Closed pythonclimber closed 1 year ago

pythonclimber commented 1 year ago

I'm working on adding mutation testing into my team's build and deploy pipelines using cosmic-ray. Have you ever considered adding a fail-threshold property into the configurations so that the 'cosmic-ray exec' command could be configured to fail if the number of surviving mutants was above the threshold? Right now my team will be using the generated HTML reports for informational purposes when we run mutations tests, but I'd be interested in allowing a predetermined number of surviving mutants to be cause to fail a deployment.

abingham commented 1 year ago

I haven't thought about that, but it seems like a really reasonable and useful thing to be able to do. I'd like to avoid adding that (or really any) feature directly to the exec command per se, though. So I see two options for doing what you want to do.

The first is something I think you could do today. You can periodically check the status of the execution using e.g. cr-rate (or perhaps some similar tool of your own devising). If the run has passed whatever threshold you've defined, you can kill the exec command. If everything works as I've designed it to, this should "just work", though I recognize that it adds a bit of complication to your pipeline.

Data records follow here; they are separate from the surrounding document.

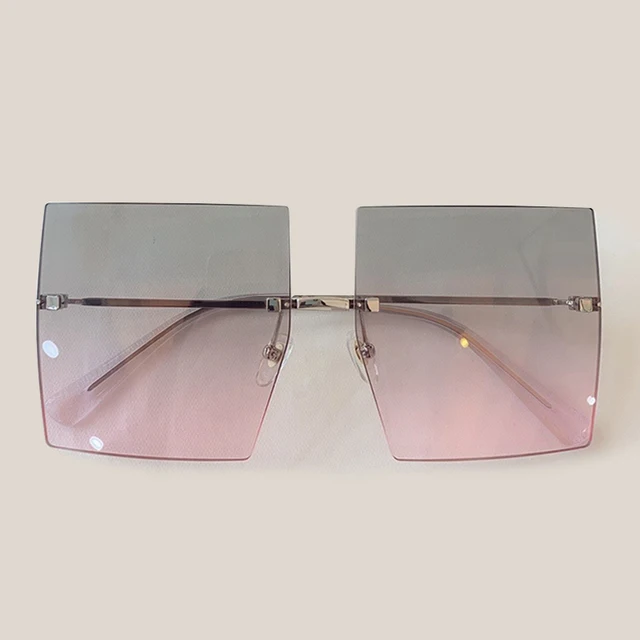 $US $56.80 Vintage Oversize Sunglasses Women Brand Designer Rimless Square Sun Glasses UV400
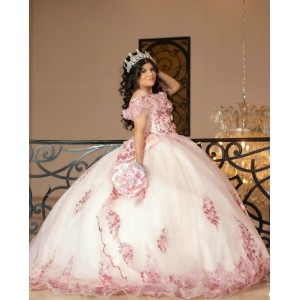 Sweetheart Neck Pink On White Quinceanera Dress Metallic Sequin Off Shoulder 15 Dresses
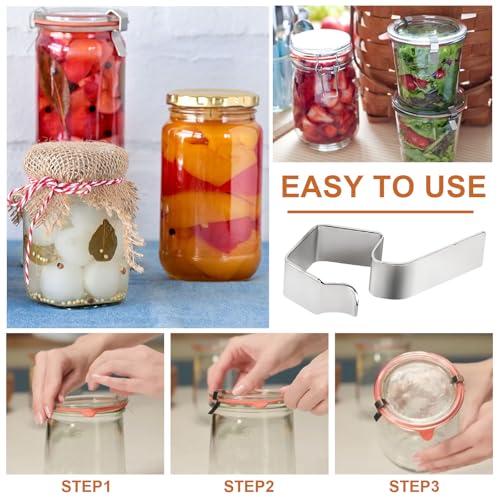 24 Pcs Stainless Steel Jar Clips/Clamps for Weck Jars, Airtight Food Preservation Clamps for Mason/Weck Canning Jars with Glass Lids, Rust-Proof & Reusable Kitchen Canning Supplies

The second option is a bit more speculative. We could define a plugin system where plugins get triggered at various phases in the execution, e.g. pre-test, post-test, etc. This isn't a huge amount of work I think (famous last words!), at least for a minimal version, but it is some work which I may not be able to get to any time soon.

Does the first option sound practical for you?

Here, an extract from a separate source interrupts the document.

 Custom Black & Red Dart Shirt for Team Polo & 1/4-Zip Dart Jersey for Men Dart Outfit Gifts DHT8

pythonclimber commented 1 year ago

I think option 1 will work for us. I need to tinker with cr-rate and make sure I understand it fully, but this definitely seems like a way to achieve our goal.

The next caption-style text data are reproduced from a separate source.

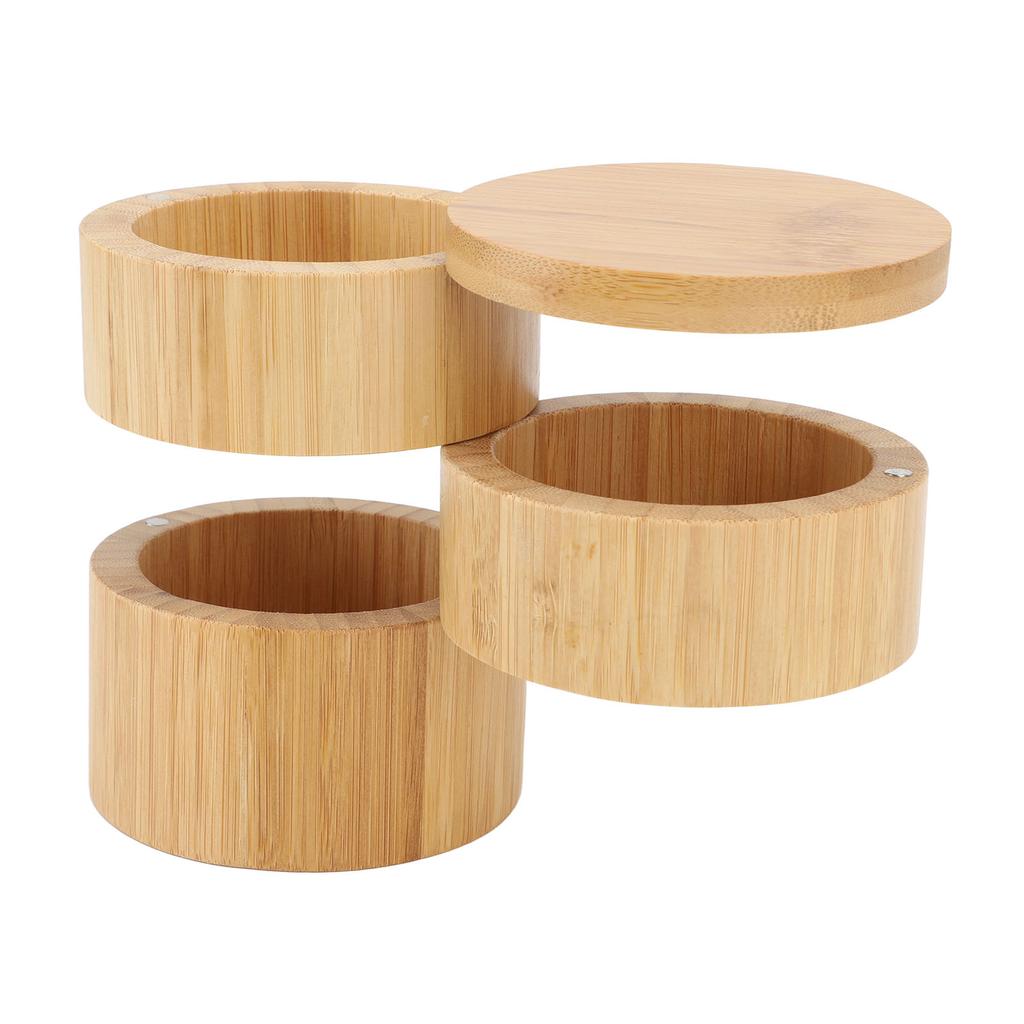 Home 3 Tier Bamboo Wood Container 3 Tier Seasoning Container Bamboo Wood Seasoning Organizer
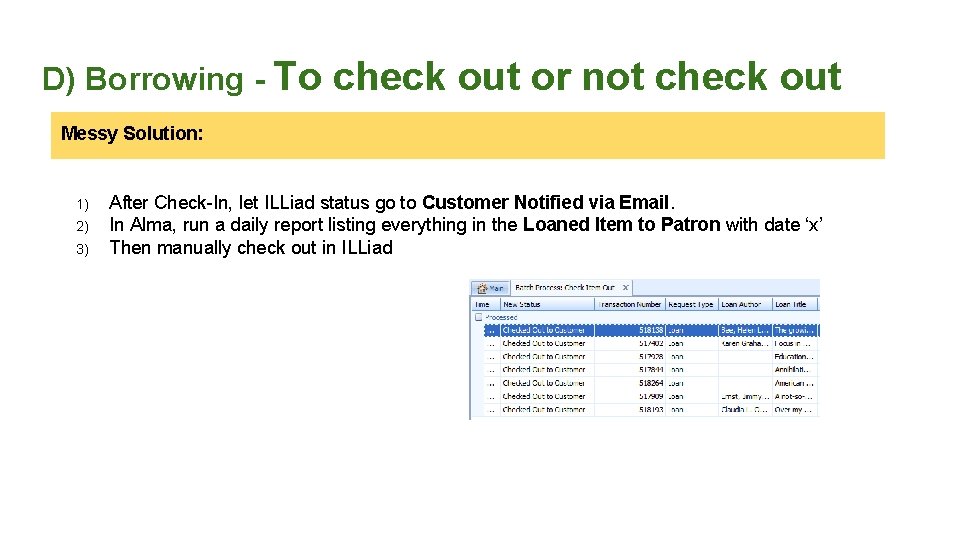 D) Borrowing - To check out or not check out Messy Solution: 1) 2)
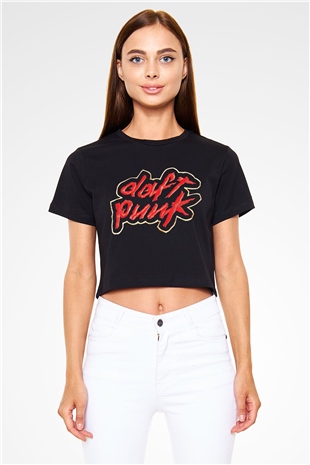 Daft Punk Siyah Crop Top Tişört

I'm intrigued by option 2. It kind of brings to mind the phases of the maven lifecycle in Java which I've always found to be a very useful system.

pythonclimber commented 1 year ago

The cr-rate tool worked perfectly (especially with the --fail-over option). The only (extremely minor) criticism I have of this approach is that it requires me to specify the fail threshold by percentage rather than count. Thank you for the help on this.

mbj commented 1 year ago

@rubyclimber While I'm not a cosmic-ray user, I'm also doing mutation testing tooling and would like to add another perspective.

If you where to specify a partial threshold of lets say: 99% coverage. You allow 1% uncoverage. The problem is that this 1% can "wander around".

Today it may be method A, tomrorow method B. And worst case its always where you currently work, giving you a false sense of security.

What I found to be superior is to request 100% from the tool, and than for methods you know that are not covered: Exclude them from analysis.

This way the uncoverage cannot silently drift, and you have a clear todo list in minimizing the excludes.

pythonclimber commented 1 year ago

@mbj I think there is a misunderstanding on exactly what I'm trying to accomplish. I'm not looking to create a wandering uncovered portion of my code. I'm trying to find a way to make the mutation test run fail when new surviving mutants are discovered, so that my team can address quickly.

abingham commented 1 year ago

I'm intrigued by option 2. It kind of brings to mind the phases of the maven lifecycle in Java which I've always found to be a very useful system.

Yeah, I'm definitely taking inspiration from lifecycle plugin systems like pytest, vscode, etc. I want to think about other use cases...defining APIs like this can be like shooting in the dark unless you know what you're trying to support. At the same time, defining a rough initial API may inspire people to come up with those use cases.

abingham commented 1 year ago

The cr-rate tool worked perfectly (especially with the --fail-over option). The only (extremely minor) criticism I have of this approach is that it requires me to specify the fail threshold by percentage rather than count.

If you look at the implementation of cr-rate in src/cosmic_ray/tools/survival_rate.py, you'll see that it's pretty dead simple. It should be very straightforward to create your own tool which does precisely what you need. I'd be happy to give whatever guidance or feedback I can if you want to give that a try.